Notwithstanding the same and the recent hike in GST rate for solar power equipment, the solar bid tariffs continue to remain highly competitive as seen from the quoted bid tariff of Rs. 2.17 per unit in December 2021. The ability of the developers to secure modules within their budgeted costs and cost of debt funding at less than 8.5% remains important to make these projects viable. On the other hand, the wind segment continues to witness subdued capacity addition owing to execution headwinds, financing challenges for few developers and weak financial profile of some of the OEMs leading to supply side constraints.

Also, the sector has massive funding requirement to achieve the capacity targets announced by the Prime Minister at the COP26 summit. Mr. Vikram V, Vice President & Sector Head – Corporate Ratings, ICRA, adds, “The investment requirement for achieving the non-fossil capacity target of 500 GW by FY2030 remains large at close to US$300 billion.

This apart, investments would be required in augmenting the transmission infrastructure to integrate the renewable power with the electricity grid as well as investments to create storage infrastructure. ICRA expects the investments towards transmission infrastructure and storage capabilities to be about US$150-200 billion over the next 8.5 years, taking the overall investment requirement to US$450-500 billion. The availability of adequate funding avenues at cost competitive rates remains critical to achieve these capacity targets.”

Coming to the collection performance, the overall dues to RE IPPs from distribution utilities (discoms) in the eight key states have gone up by 43% to Rs. 194 billion as of December 2021 from Rs. 136 billion as of July 2021. The can be attributed to the continued delays by discoms in Andhra Pradesh amid the tariff issue and a large increase in dues from Karnataka, Maharashtra, Madhya Pradesh and Telangana amid the liquidity stress faced by discoms in these states arising from inadequate tariffs and operating inefficiencies. Implementation of various reform oriented measures as well as timely tariff determination process including the focus on improving operating efficiencies by the state discoms remains key to turnaround the discom finances.

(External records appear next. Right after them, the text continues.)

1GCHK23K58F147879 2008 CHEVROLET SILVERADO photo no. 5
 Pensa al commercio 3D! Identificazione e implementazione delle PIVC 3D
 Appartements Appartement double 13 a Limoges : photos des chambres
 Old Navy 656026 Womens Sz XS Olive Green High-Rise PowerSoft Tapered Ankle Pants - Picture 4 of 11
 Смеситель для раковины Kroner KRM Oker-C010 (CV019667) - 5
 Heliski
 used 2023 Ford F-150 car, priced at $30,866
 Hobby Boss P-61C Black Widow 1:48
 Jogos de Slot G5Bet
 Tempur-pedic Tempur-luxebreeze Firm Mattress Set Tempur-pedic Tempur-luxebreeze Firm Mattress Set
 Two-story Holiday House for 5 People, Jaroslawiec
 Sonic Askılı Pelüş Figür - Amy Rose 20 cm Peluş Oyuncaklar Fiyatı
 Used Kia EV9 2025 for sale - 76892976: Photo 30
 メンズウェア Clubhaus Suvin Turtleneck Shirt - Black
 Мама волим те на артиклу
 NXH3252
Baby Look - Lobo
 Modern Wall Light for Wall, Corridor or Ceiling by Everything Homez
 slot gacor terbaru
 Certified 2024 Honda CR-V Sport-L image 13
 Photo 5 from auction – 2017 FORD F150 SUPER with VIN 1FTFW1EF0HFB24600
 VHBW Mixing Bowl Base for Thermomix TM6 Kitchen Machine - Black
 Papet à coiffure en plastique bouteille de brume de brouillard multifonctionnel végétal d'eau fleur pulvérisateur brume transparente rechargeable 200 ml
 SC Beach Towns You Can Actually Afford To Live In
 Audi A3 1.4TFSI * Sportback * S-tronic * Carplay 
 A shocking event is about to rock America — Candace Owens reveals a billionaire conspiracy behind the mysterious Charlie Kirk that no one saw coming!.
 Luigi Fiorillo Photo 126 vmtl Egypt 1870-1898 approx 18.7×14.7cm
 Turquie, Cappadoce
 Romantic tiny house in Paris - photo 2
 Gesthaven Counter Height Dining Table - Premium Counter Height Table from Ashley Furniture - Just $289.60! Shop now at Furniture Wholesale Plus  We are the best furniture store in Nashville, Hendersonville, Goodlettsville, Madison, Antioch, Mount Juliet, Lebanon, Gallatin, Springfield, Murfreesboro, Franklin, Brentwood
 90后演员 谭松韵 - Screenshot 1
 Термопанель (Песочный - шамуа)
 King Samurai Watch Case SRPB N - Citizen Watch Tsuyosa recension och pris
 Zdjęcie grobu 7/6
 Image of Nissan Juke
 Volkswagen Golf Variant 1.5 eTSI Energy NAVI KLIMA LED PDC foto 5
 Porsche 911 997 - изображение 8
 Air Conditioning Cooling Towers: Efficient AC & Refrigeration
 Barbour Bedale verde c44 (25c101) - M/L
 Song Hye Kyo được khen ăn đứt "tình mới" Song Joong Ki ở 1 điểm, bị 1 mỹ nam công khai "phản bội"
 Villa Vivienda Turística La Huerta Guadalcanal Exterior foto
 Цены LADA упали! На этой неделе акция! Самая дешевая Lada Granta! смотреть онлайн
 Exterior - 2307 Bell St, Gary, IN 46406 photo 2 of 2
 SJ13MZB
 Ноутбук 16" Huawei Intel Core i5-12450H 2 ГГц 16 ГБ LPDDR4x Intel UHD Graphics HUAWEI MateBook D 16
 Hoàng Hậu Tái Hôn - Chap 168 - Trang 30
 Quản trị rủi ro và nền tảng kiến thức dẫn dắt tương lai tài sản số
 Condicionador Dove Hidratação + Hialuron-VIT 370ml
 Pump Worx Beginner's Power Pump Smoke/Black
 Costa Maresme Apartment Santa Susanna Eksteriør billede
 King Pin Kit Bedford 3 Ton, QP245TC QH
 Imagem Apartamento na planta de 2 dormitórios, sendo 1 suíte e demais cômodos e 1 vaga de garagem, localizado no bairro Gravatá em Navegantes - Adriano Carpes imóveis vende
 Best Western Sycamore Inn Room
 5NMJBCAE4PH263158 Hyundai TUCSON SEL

ICRA’s outlook for renewable energy sector remains Stable driven by the favourable policy support, superior tariff competitiveness, large untapped potential and the presence of strong intermediate procurers like SECI. The credit profile of majority of ICRA-rated solar and wind IPPs in FY2022 YTD is supported by the satisfactory generation performance, availability of long-term PPAs, adequate liquidity buffer and presence of strong sponsors. The ratings agency has upgraded 24 entities against 13 downgrades in the solar and wind energy segment in 8M FY2022. The upgrades were driven by mix of factors such as reduction in project risk, demonstration of generation performance, improvement in parent credit profile and favourable debt refinancing, while the downgrades have been due to factors such as change in the sponsor profile, weak generation performance and delays in receiving payments.